In my past employment in industry, this meant answering questions from data, to provide (for example) information to management to help drive the business more effectively. Now, my view is more that to answer specific questions from data, we must try to build models of the underlying phenomena that gave rise to the data. Machine learning is partly about this – using the data as evidence to draw conclusions about the real world and build useful models of it.

Process Mining

My Ph.D. focussed on (Business) Process Mining. Process Mining is learning and analysing business process models from event data obtained from businesses’ information systems’ log files. Similar techniques can be applied to software processes, operating system processes, network data flow, enterprise backups systems traffic, networked storage, understanding IT infrastructure/support environment interactions, robotic interactions …

The goals of process mining are to capture the ‘reality’ of the (business) process by looking at what is actually happening, to compare with the ‘believed’ process which may be held by management or analysts. Analysis of the process flow can include comparison between models, identification of bottlenecks, improvements, how decisions are made, and so on. Other ‘perspectives’ can also be mined, such as social or organisational interactions.

My Thesis [1]

I developed a probabilistic framework for the analysis and comparison of process mining algorithms: How do different algorithms learn? How much data should we use? What does ‘noise’ mean and what should we do about it? What happens if the process evolves? How can we make it more general or easier to understand? Such a framework could provide the basis for objectively answering some of these questions.
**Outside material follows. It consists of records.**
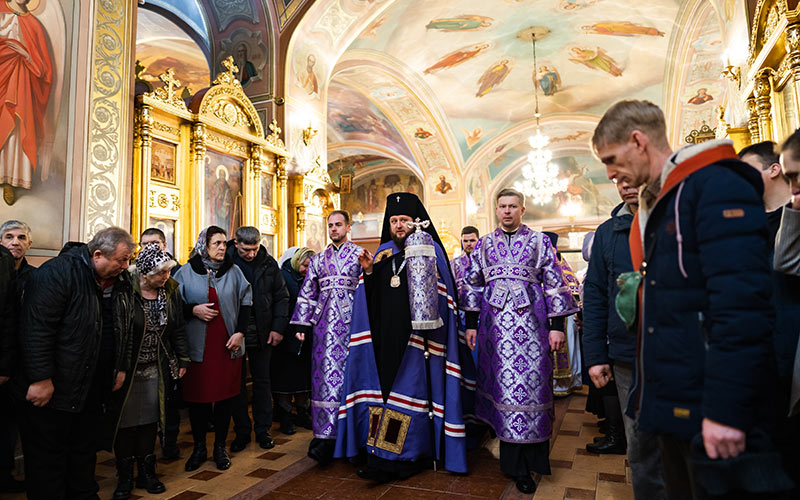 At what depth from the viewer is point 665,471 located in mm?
1645

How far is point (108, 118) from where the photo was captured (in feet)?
18.3

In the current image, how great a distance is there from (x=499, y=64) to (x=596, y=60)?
283cm

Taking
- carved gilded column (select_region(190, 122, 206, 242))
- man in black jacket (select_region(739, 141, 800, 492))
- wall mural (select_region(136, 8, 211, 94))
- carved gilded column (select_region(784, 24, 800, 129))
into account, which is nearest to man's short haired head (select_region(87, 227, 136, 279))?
man in black jacket (select_region(739, 141, 800, 492))

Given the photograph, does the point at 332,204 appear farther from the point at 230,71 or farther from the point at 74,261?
the point at 74,261

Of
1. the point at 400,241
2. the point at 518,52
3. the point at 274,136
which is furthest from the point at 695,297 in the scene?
the point at 518,52

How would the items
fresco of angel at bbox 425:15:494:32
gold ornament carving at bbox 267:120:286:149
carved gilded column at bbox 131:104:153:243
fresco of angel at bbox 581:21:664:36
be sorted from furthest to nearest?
fresco of angel at bbox 581:21:664:36
fresco of angel at bbox 425:15:494:32
gold ornament carving at bbox 267:120:286:149
carved gilded column at bbox 131:104:153:243

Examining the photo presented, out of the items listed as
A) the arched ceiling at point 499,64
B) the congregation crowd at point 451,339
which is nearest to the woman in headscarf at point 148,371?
the congregation crowd at point 451,339

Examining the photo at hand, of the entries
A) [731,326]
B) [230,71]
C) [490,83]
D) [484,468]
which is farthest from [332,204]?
[731,326]

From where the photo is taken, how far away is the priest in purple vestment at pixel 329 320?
4.11 m

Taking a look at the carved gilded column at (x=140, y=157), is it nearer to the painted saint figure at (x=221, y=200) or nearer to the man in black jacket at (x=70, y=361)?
the painted saint figure at (x=221, y=200)

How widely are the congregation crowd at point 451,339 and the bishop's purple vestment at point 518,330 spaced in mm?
15

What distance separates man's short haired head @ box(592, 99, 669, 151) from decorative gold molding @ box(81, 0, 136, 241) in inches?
209

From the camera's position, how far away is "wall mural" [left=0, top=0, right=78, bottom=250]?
460cm

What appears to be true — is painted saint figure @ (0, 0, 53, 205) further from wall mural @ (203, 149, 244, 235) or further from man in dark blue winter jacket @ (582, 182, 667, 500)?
man in dark blue winter jacket @ (582, 182, 667, 500) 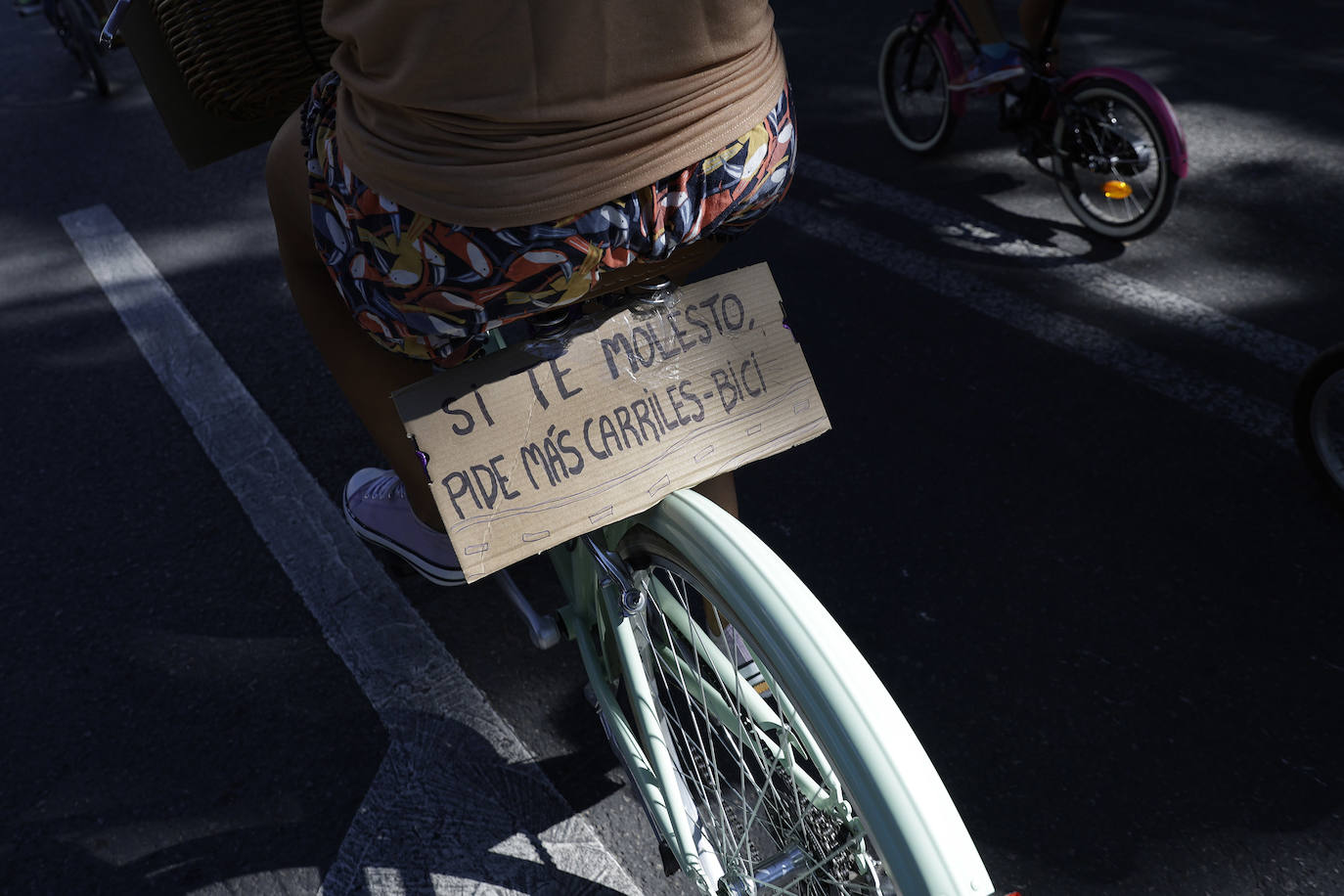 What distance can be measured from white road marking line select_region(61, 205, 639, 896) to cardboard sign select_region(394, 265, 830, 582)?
945 mm

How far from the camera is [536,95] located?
3.80 feet

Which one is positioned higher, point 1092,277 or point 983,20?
point 983,20

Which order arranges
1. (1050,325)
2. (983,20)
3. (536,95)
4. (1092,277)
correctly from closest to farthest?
(536,95) → (1050,325) → (1092,277) → (983,20)

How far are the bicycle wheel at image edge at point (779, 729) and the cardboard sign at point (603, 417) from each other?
0.10 m

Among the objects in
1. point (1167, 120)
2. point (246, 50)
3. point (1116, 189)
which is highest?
point (246, 50)

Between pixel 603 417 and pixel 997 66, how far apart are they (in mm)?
3541

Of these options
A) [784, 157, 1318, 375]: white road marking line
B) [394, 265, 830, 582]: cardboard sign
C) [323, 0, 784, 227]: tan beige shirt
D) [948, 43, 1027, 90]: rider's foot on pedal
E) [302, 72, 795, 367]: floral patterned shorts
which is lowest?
[784, 157, 1318, 375]: white road marking line

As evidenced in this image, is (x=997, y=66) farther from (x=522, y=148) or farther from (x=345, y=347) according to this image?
(x=522, y=148)

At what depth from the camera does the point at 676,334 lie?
4.80ft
I applied the framework to analyses of the Alpha and Heuristics Miner process mining algorithms, and practical applications to detecting process change, and mining in the the presence of noise. Using our methods, one can determine how much process data (‘traces’) are needed to mine a model with a given confidence in it being correct.
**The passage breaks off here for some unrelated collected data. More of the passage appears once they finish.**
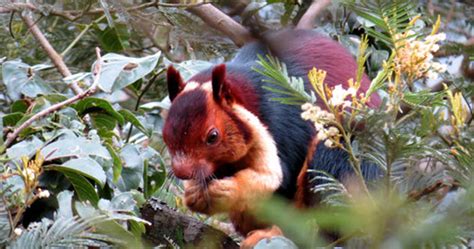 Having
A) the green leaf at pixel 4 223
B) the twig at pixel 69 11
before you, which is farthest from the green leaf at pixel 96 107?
the green leaf at pixel 4 223

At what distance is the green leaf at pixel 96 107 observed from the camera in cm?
221

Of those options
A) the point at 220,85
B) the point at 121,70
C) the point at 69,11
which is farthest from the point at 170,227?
the point at 69,11

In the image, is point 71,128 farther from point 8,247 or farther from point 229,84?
point 8,247

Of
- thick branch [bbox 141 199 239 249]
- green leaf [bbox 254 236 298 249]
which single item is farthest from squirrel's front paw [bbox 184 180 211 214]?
green leaf [bbox 254 236 298 249]

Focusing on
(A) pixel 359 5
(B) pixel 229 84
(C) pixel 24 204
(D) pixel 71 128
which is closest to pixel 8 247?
(C) pixel 24 204

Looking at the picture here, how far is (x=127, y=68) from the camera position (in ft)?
8.09

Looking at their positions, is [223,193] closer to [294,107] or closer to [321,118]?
[294,107]

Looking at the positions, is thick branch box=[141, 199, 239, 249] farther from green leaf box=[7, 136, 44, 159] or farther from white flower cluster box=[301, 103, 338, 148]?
white flower cluster box=[301, 103, 338, 148]

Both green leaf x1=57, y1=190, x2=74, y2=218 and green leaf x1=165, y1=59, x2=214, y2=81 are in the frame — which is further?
green leaf x1=165, y1=59, x2=214, y2=81

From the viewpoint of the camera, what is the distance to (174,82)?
2291 mm

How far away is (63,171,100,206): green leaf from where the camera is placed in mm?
1908

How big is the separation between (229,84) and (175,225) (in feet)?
1.33

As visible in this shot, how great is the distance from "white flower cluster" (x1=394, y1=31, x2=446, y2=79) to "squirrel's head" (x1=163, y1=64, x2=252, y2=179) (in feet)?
2.99

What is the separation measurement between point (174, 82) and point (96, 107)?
21cm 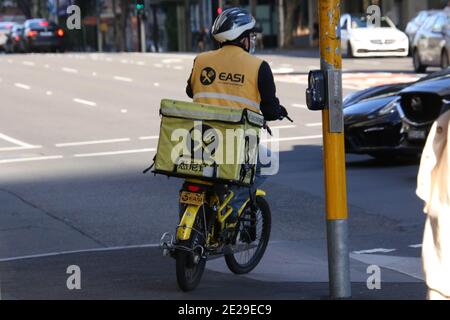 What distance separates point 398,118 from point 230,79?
6.59 meters

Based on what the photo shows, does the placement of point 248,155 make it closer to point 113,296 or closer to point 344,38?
point 113,296

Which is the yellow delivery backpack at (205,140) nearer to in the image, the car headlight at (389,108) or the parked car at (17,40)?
the car headlight at (389,108)

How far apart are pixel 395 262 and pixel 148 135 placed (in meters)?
11.9

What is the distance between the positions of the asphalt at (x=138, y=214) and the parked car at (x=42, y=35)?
138 feet

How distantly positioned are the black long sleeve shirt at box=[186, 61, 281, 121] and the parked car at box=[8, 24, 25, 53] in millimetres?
63272

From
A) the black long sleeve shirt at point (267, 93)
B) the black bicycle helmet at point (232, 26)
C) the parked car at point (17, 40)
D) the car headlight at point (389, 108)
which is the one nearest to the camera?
the black long sleeve shirt at point (267, 93)

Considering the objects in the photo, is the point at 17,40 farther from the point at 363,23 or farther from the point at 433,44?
the point at 433,44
This work provides a principled foundation on which these process mining activities described above can be carried out and process mining questions investigated.

[1] P. Weber. A Framework for the Analysis and Comparison of Process Mining Algorithms. PhD thesis, University of Birmingham, UK, 2014. eTheses.

More Background

I came to research after several years in industry doing systems analysis and design, development, and administration of Unix and Storage systems.

There was always too much of

  • Complexity and data overload. Distributed and networked systems are far too complex so they just get ‘managed’ , never understood. For example, enterprise backups infrastructure, networked data storage. Yet information is available in log files etc., decribing what is occurring and where/when/how/why things are going wrong. How to extract useful information and act on it?
  • Information loss. The same problems are tackled and solved again and again, and any learning is lost as different people tackle the problem. Attempts to solve this include documentation, ‘training’, Sharepoint, bespoke scripting. How to learn, remember, and re-use the information/knowledge –> wisdom?